The long-term passive acoustic monitoring array research project will support passive acoustic monitoring to detect large whales – such as North Atlantic right whales – and dolphins to understand their presence and migration patterns in and around the lease area and the potential effects of construction. Working with Cornell University’s Center for Conservation Bioacoustics, two types of listening devices will be deployed to determine the occurrence and position of large whales and dolphins, and to detect the tonal echolocation clicks of small cetaceans including porpoises. Additionally, this project will deploy equipment to listen for passing fish, sharks, rays and turtles that have been implanted with transponders for broader scientific research.
“The Department appreciates the coordinated research into safer equipment and marine wildlife monitoring,” states Catherine McCall, director of the Maryland Department of Natural Resources Office of Ocean and Coastal Management. “The ongoing deployment of Maryland’s whale monitoring buoy provides daily detections and helps resource managers protect sensitive species.”
These UMCES-led research projects build on the environmental baseline work US Wind is doing to better understand the environment in and around its lease area and mitigate potential effects of offshore wind development on marine life and avian species. One such initiative, conducted by US Wind through its Normandeau Associates contractor, are aerial digital surveys to identify birds that may be displaced or avoid the wind farm once the turbines are installed. These research and monitoring programs also inform the comprehensive analyses the federal government must do to approve the construction and operation of offshore wind projects.

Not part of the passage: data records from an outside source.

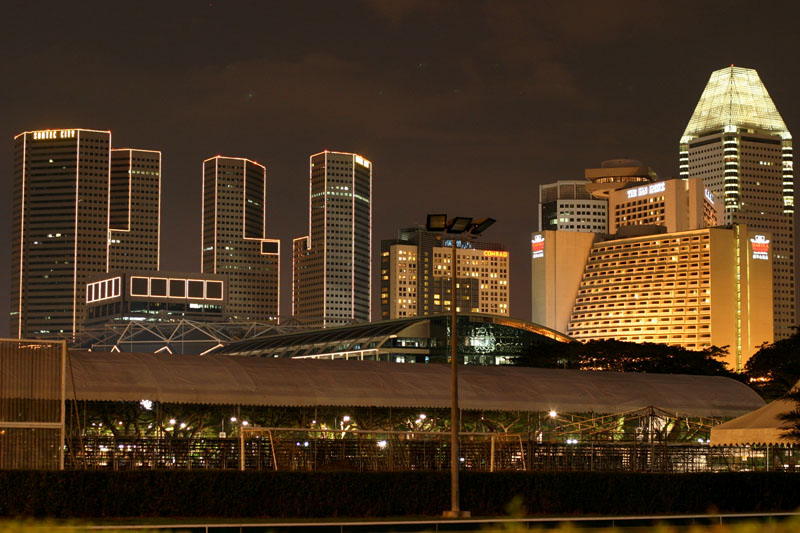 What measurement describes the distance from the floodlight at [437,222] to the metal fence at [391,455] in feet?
25.6

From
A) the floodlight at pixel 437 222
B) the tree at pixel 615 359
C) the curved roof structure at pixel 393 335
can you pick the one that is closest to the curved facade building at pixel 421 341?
the curved roof structure at pixel 393 335

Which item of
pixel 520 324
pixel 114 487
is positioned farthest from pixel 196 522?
pixel 520 324

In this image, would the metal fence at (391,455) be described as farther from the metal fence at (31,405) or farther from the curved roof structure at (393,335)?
the curved roof structure at (393,335)

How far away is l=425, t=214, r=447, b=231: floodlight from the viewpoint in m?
35.7

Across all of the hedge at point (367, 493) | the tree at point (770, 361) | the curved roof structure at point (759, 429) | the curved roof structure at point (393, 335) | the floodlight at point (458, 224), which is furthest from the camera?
the curved roof structure at point (393, 335)

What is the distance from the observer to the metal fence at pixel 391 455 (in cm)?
3966

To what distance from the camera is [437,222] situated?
1410 inches

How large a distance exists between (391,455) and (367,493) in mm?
5079

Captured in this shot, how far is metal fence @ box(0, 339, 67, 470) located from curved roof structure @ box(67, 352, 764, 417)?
18853 millimetres

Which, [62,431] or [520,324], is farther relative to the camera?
[520,324]

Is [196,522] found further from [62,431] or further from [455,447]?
[455,447]

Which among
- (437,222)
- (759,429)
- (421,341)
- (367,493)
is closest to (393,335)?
(421,341)

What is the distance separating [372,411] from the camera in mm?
62594

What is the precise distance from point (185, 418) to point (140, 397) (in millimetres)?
8012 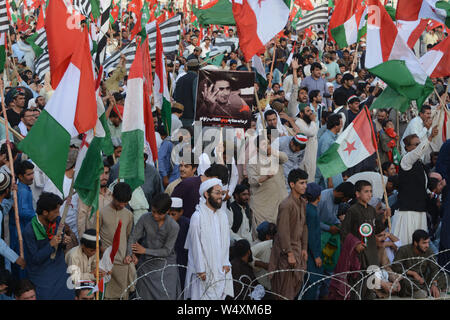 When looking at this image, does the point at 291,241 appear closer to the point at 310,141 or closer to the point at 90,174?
the point at 90,174

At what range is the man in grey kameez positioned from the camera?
24.1ft

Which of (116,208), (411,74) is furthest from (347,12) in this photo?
(116,208)

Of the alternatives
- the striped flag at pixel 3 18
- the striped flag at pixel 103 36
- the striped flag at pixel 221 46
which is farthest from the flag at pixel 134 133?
the striped flag at pixel 221 46

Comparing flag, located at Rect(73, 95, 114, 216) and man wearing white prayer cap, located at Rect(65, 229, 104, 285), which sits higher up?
flag, located at Rect(73, 95, 114, 216)

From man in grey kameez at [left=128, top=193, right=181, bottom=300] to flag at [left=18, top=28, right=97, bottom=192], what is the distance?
1175 mm

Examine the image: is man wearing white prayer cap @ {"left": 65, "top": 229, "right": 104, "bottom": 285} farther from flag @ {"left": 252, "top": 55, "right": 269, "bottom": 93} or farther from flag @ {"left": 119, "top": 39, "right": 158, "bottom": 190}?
flag @ {"left": 252, "top": 55, "right": 269, "bottom": 93}

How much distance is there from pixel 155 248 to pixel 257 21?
445 cm

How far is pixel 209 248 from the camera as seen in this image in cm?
735

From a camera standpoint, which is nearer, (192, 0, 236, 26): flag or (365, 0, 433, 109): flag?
(365, 0, 433, 109): flag

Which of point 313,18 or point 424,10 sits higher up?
point 313,18

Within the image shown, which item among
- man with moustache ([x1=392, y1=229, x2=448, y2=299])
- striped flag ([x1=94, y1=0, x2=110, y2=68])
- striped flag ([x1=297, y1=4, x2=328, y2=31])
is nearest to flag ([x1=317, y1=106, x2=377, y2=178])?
man with moustache ([x1=392, y1=229, x2=448, y2=299])

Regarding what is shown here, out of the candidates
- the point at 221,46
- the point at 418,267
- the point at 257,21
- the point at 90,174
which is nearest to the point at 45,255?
the point at 90,174

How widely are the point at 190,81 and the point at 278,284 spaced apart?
6035 mm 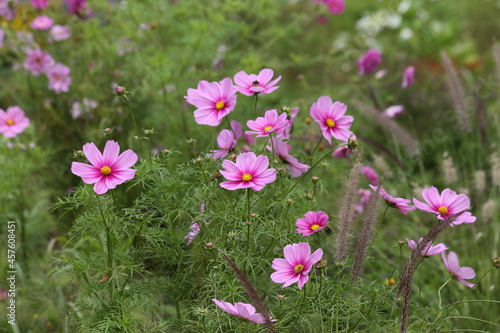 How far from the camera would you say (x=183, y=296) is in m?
1.66

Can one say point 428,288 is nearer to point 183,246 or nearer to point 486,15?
point 183,246

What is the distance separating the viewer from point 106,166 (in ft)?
4.80

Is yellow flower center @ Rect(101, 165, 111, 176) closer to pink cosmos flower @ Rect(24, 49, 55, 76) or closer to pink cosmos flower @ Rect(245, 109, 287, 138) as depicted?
pink cosmos flower @ Rect(245, 109, 287, 138)

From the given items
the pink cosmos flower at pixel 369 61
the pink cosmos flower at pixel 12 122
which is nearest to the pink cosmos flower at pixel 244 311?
the pink cosmos flower at pixel 12 122

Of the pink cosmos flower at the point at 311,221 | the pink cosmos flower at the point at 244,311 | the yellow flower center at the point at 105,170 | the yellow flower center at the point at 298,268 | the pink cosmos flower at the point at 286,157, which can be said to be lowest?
the pink cosmos flower at the point at 244,311

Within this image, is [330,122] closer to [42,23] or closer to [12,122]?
[12,122]

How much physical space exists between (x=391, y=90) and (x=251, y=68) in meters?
1.81

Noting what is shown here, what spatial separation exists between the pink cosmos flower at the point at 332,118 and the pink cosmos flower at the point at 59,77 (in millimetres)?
2034

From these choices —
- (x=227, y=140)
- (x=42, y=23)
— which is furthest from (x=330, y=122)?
(x=42, y=23)

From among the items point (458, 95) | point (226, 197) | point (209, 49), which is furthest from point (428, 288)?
point (209, 49)

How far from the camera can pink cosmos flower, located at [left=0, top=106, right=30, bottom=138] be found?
256cm

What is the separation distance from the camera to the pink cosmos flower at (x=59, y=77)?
3.23m

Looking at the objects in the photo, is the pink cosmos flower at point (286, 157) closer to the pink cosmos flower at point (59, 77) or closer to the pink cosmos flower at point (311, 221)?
the pink cosmos flower at point (311, 221)

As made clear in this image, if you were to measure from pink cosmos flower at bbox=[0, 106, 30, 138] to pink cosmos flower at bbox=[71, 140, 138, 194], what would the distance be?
50.5 inches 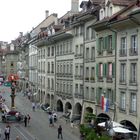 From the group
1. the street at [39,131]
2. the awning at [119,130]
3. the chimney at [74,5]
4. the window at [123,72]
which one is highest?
the chimney at [74,5]

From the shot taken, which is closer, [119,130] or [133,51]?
[119,130]

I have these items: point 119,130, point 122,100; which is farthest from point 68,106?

“The Maryland Energy Administration (MEA) is pleased that offshore wind developers are investing resources to support scientific understanding of the nexus between offshore wind development and the environment, wildlife, ecosystems, and habitats off the coast of Maryland,” says Mary Beth Tung, Ph.D., Esq., director of MEA. “US Wind’s investment compliments the research initiatives funded by MEA and administered by DNR, which total more than $15 million and have been carried out since 2014.”
Monitoring these populations is a critical step in conservation to measure changes, track threats and evaluate the success of wildlife management. The projects were selected based on their efficacy and ability to complement existing research efforts in the scientific community. All data will be made available to government and academic researchers, and reports and information will be made publicly available to help protect these important species and ecosystems for generations to come.